§ EXERCISE:
Reproduce the entries that follow, exactly and in full.

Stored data
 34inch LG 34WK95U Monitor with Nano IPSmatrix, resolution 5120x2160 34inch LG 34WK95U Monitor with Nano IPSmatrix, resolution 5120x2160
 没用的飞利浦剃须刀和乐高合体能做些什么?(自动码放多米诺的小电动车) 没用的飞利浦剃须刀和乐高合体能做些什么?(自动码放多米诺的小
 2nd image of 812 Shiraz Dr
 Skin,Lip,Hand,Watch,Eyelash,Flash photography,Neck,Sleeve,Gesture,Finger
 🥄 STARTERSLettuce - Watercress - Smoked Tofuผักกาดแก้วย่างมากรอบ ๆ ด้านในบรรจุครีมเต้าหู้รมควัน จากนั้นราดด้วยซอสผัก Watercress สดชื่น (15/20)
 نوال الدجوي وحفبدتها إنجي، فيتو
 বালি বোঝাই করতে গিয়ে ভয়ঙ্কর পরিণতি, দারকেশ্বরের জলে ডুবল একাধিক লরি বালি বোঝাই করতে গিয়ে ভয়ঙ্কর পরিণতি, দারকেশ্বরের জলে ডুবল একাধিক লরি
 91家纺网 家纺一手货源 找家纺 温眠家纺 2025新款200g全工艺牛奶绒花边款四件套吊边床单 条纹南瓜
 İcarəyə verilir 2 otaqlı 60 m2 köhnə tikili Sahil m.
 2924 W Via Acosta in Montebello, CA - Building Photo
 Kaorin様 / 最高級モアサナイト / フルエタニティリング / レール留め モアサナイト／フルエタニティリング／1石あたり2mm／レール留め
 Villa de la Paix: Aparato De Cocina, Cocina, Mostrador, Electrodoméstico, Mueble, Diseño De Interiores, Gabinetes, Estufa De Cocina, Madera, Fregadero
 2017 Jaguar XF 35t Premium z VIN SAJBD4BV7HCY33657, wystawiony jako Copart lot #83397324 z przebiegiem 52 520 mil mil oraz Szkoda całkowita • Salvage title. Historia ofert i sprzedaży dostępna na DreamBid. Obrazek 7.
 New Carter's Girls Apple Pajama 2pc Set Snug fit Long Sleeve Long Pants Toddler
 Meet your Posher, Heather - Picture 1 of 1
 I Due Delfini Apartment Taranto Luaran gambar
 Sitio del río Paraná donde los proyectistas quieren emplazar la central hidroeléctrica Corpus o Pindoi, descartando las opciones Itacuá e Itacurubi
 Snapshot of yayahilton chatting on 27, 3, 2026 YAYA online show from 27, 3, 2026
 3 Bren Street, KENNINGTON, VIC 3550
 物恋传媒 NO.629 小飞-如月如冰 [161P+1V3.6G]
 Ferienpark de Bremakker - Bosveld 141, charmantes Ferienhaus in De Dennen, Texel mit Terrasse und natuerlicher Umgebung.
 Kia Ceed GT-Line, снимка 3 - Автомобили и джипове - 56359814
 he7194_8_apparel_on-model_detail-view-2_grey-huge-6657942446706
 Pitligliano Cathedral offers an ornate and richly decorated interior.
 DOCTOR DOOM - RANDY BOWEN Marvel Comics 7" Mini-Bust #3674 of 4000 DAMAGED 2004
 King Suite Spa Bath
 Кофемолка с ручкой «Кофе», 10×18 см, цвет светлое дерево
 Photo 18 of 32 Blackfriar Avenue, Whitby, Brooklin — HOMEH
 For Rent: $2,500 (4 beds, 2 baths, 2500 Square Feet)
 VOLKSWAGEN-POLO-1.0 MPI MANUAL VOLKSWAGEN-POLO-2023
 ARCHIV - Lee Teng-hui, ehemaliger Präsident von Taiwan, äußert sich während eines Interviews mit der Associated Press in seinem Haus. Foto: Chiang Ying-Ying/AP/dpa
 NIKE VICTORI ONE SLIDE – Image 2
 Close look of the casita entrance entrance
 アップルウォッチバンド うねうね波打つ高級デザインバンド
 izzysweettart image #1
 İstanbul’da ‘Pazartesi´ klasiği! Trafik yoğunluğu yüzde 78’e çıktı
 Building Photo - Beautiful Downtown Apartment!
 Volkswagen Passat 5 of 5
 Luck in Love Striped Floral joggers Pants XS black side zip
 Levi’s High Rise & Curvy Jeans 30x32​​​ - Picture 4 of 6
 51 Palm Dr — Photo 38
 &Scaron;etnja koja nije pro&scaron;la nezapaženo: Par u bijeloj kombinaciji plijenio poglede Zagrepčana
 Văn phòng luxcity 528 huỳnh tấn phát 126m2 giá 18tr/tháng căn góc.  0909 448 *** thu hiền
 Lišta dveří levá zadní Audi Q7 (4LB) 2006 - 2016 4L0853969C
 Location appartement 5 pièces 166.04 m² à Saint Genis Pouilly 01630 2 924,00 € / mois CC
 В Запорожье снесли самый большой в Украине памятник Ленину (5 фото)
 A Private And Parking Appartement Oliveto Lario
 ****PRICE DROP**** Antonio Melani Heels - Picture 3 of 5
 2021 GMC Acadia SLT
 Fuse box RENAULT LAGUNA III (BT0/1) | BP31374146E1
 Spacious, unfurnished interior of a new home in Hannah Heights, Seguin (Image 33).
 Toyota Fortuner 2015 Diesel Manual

§ PROBLEM SOLUTION:
 34inch LG 34WK95U Monitor with Nano IPSmatrix, resolution 5120x2160 34inch LG 34WK95U Monitor with Nano IPSmatrix, resolution 5120x2160
 没用的飞利浦剃须刀和乐高合体能做些什么?(自动码放多米诺的小电动车) 没用的飞利浦剃须刀和乐高合体能做些什么?(自动码放多米诺的小
 2nd image of 812 Shiraz Dr
 Skin,Lip,Hand,Watch,Eyelash,Flash photography,Neck,Sleeve,Gesture,Finger
 🥄 STARTERSLettuce - Watercress - Smoked Tofuผักกาดแก้วย่างมากรอบ ๆ ด้านในบรรจุครีมเต้าหู้รมควัน จากนั้นราดด้วยซอสผัก Watercress สดชื่น (15/20)
 نوال الدجوي وحفبدتها إنجي، فيتو
 বালি বোঝাই করতে গিয়ে ভয়ঙ্কর পরিণতি, দারকেশ্বরের জলে ডুবল একাধিক লরি বালি বোঝাই করতে গিয়ে ভয়ঙ্কর পরিণতি, দারকেশ্বরের জলে ডুবল একাধিক লরি
 91家纺网 家纺一手货源 找家纺 温眠家纺 2025新款200g全工艺牛奶绒花边款四件套吊边床单 条纹南瓜
 İcarəyə verilir 2 otaqlı 60 m2 köhnə tikili Sahil m.
 2924 W Via Acosta in Montebello, CA - Building Photo
 Kaorin様 / 最高級モアサナイト / フルエタニティリング / レール留め モアサナイト／フルエタニティリング／1石あたり2mm／レール留め
 Villa de la Paix: Aparato De Cocina, Cocina, Mostrador, Electrodoméstico, Mueble, Diseño De Interiores, Gabinetes, Estufa De Cocina, Madera, Fregadero
 2017 Jaguar XF 35t Premium z VIN SAJBD4BV7HCY33657, wystawiony jako Copart lot #83397324 z przebiegiem 52 520 mil mil oraz Szkoda całkowita • Salvage title. Historia ofert i sprzedaży dostępna na DreamBid. Obrazek 7.
 New Carter's Girls Apple Pajama 2pc Set Snug fit Long Sleeve Long Pants Toddler
 Meet your Posher, Heather - Picture 1 of 1
 I Due Delfini Apartment Taranto Luaran gambar
 Sitio del río Paraná donde los proyectistas quieren emplazar la central hidroeléctrica Corpus o Pindoi, descartando las opciones Itacuá e Itacurubi
 Snapshot of yayahilton chatting on 27, 3, 2026 YAYA online show from 27, 3, 2026
 3 Bren Street, KENNINGTON, VIC 3550
 物恋传媒 NO.629 小飞-如月如冰 [161P+1V3.6G]
 Ferienpark de Bremakker - Bosveld 141, charmantes Ferienhaus in De Dennen, Texel mit Terrasse und natuerlicher Umgebung.
 Kia Ceed GT-Line, снимка 3 - Автомобили и джипове - 56359814
 he7194_8_apparel_on-model_detail-view-2_grey-huge-6657942446706
 Pitligliano Cathedral offers an ornate and richly decorated interior.
 DOCTOR DOOM - RANDY BOWEN Marvel Comics 7" Mini-Bust #3674 of 4000 DAMAGED 2004
 King Suite Spa Bath
 Кофемолка с ручкой «Кофе», 10×18 см, цвет светлое дерево
 Photo 18 of 32 Blackfriar Avenue, Whitby, Brooklin — HOMEH
 For Rent: $2,500 (4 beds, 2 baths, 2500 Square Feet)
 VOLKSWAGEN-POLO-1.0 MPI MANUAL VOLKSWAGEN-POLO-2023
 ARCHIV - Lee Teng-hui, ehemaliger Präsident von Taiwan, äußert sich während eines Interviews mit der Associated Press in seinem Haus. Foto: Chiang Ying-Ying/AP/dpa
 NIKE VICTORI ONE SLIDE – Image 2
 Close look of the casita entrance entrance
 アップルウォッチバンド うねうね波打つ高級デザインバンド
 izzysweettart image #1
 İstanbul’da ‘Pazartesi´ klasiği! Trafik yoğunluğu yüzde 78’e çıktı
 Building Photo - Beautiful Downtown Apartment!
 Volkswagen Passat 5 of 5
 Luck in Love Striped Floral joggers Pants XS black side zip
 Levi’s High Rise & Curvy Jeans 30x32​​​ - Picture 4 of 6
 51 Palm Dr — Photo 38
 &Scaron;etnja koja nije pro&scaron;la nezapaženo: Par u bijeloj kombinaciji plijenio poglede Zagrepčana
 Văn phòng luxcity 528 huỳnh tấn phát 126m2 giá 18tr/tháng căn góc.  0909 448 *** thu hiền
 Lišta dveří levá zadní Audi Q7 (4LB) 2006 - 2016 4L0853969C
 Location appartement 5 pièces 166.04 m² à Saint Genis Pouilly 01630 2 924,00 € / mois CC
 В Запорожье снесли самый большой в Украине памятник Ленину (5 фото)
 A Private And Parking Appartement Oliveto Lario
 ****PRICE DROP**** Antonio Melani Heels - Picture 3 of 5
 2021 GMC Acadia SLT
 Fuse box RENAULT LAGUNA III (BT0/1) | BP31374146E1
 Spacious, unfurnished interior of a new home in Hannah Heights, Seguin (Image 33).
 Toyota Fortuner 2015 Diesel Manual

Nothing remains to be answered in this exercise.